Like many other large displacement engines, the W12 is not long for this world, and the Bentley Batur is expected to be the final new vehicle to feature it. Bentley is investing in hybridization and will eventually become an electric brand.
For almost the entire automotive world, 12 cylinders is the limit. But Bugatti isn't like the rest of the automotive world, and Bugatti is a brand that enjoys breaking limits and setting new standards. That's why when the company was revived by Volkswagen, it developed a W16 engine displacing 8.0 liters and equipped with four turbochargers. Throughout the last two decades, it's ranged in power from 987 bhp in the Veyron to nearly 1,850 in the Bugatti Bolide concept.

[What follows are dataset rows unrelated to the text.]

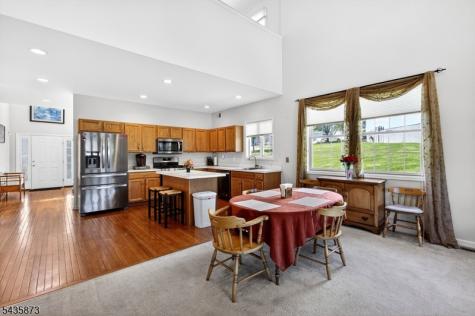 13 Fairchild Lane Wantage NJ 07461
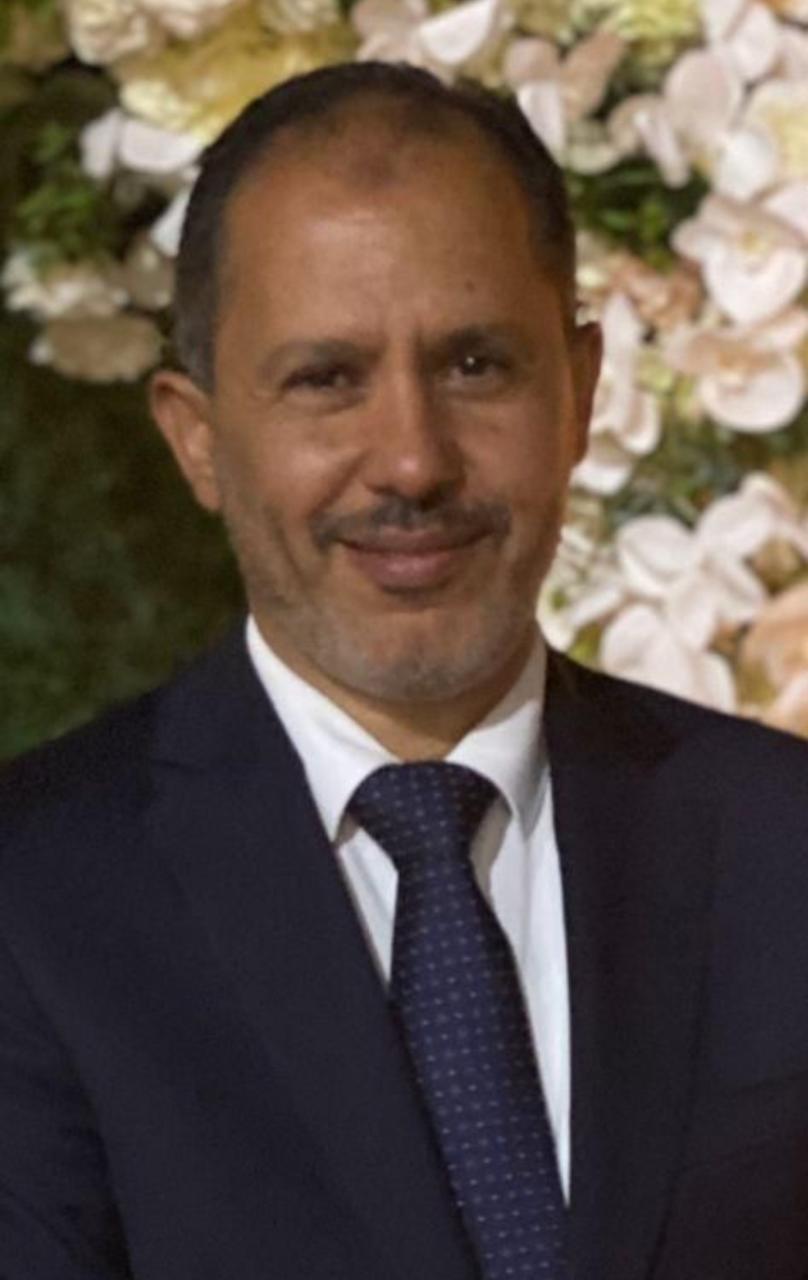 المحامي عماد صالح العرموطي  رئيسا للهيئة الإدارية لديوان عشيرة العرموطي... اسماء 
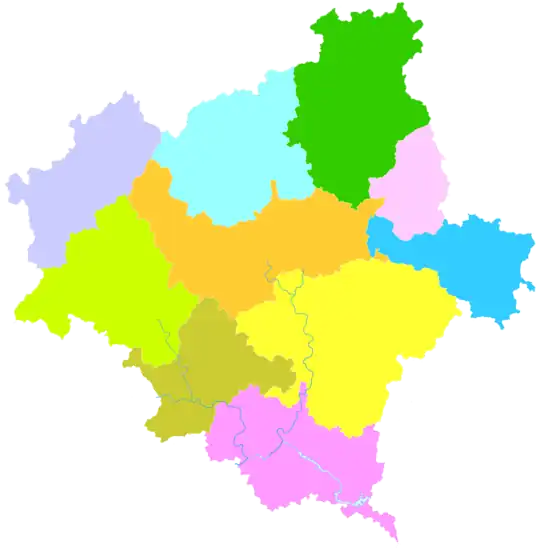 建阳区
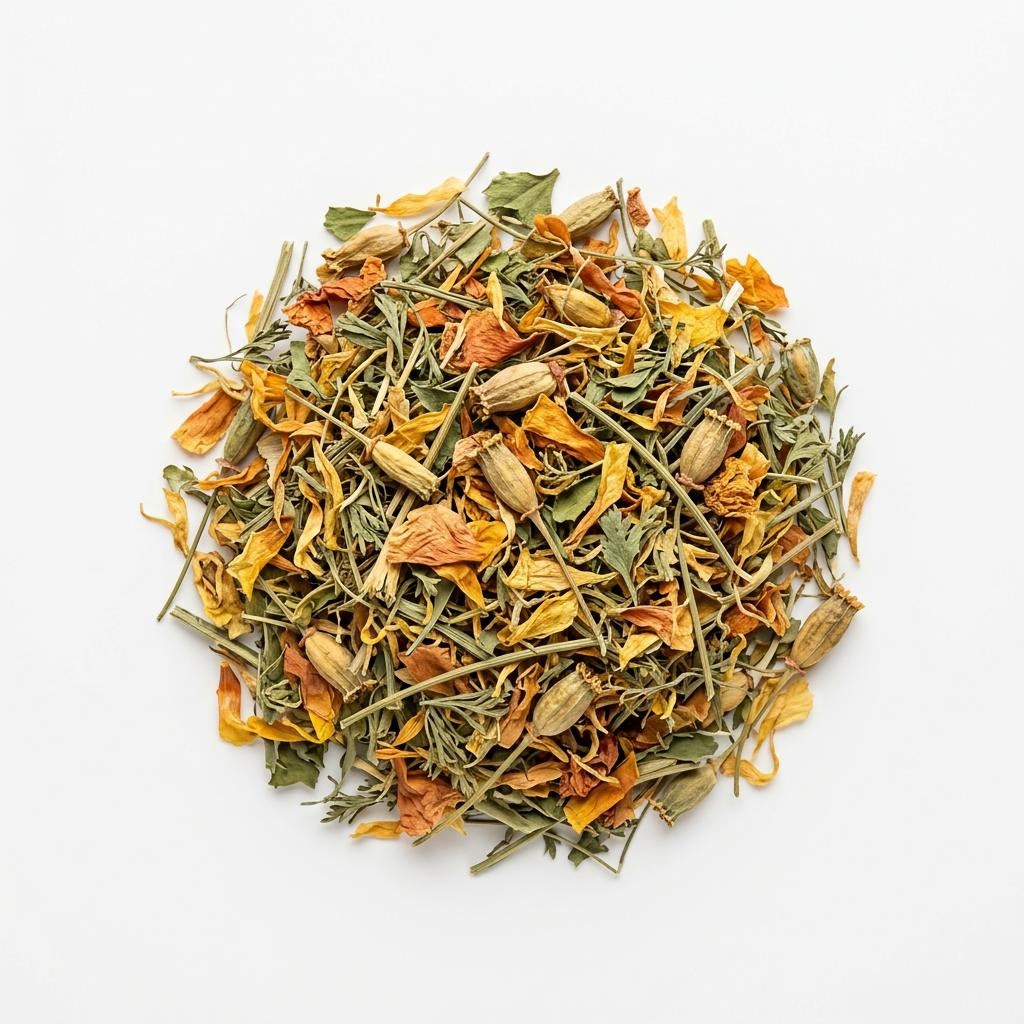 California Poppy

Serving two core models and countless special variants along the way, the Bugatti W16 is truly incomparable. That's perhaps what makes its imminent demise so much sadder. Revealed last year, the Bugatti W16 Mistral will be the final model to make use of it, before Bugatti introduces a new, but equally unique, hybrid engine configuration for the Chiron's successor. Our money is on Bugatti adopting the W12.
Mazda sneaks onto this list through a loophole. But since it's our list, we'll make the rules. Mazda no longer produces a car where a Wankel rotary engine actually drives the wheels - not since the RX-8 went out of production a decade ago - but last month, it unveiled a variant of the Mazda MX-30 with a rotary range extender, making the electric crossover a plug-in hybrid with 400 miles of range. The rotary engine in question is an entirely new motor called the 8C. It's a single-rotor with direct injection and a displacement of just 0.83 liters producing 74 horses at 4,700 rpm.
Mazda bosses still dream of building a new rotary-powered sports car, and patent filings even suggested one was in the works, but for fans of the spinning Dorito, the MX-30 e-Skyactiv R-EV is as good as it gets for now.
Two-cylinder motors are pretty common in motorcycles, but in cars, they're remarkably rare. So rare, in fact, that only Fiat still builds this configuration. It was once used across multiple brands, including the Alfa Romeo MiTo, but now, you'll only find the tiny twofer in cars like the Fiat 500 and Fiat Panda, and not even on US shores. Fiat calls it the TwinAir engine, and it's available in either 1.0-liter naturally aspirated guise (59 hp/65 lb-ft) or as a 0.9-liter turbocharged engine pumping out 103.5 hp and 107 lb-ft.
As the Fiat 500 becomes electric, and returns to American shores in EV form, this engine will likely die, too, but anyone who's had the opportunity to drive it will remember its off-beat thrum.
I can't believe I missed this one off the list originally, but I was under the impression Subaru still sold such a mill. However, since Subaru ended production of its own flat six in 2019, Porsche is technically the only OEM to still produce this configuration. The argument could be made that RUF and other boutique automakers also manufacture it, nullifying it from the list, but we'll give the benefit of the doubt to Porsche on this one.
The Porsche flat six is iconic, and still finds use in both the 718 and 911 model lines. Whereas most variants are turbocharged, Porsche's most iconic sixers are the naturally aspirated, high-revving variety as found in the 911 GT3 RS. In its most recent iteration, this 4.0-liter flat-six revs past 9,000 rpm and generates 518 glorious horsepower.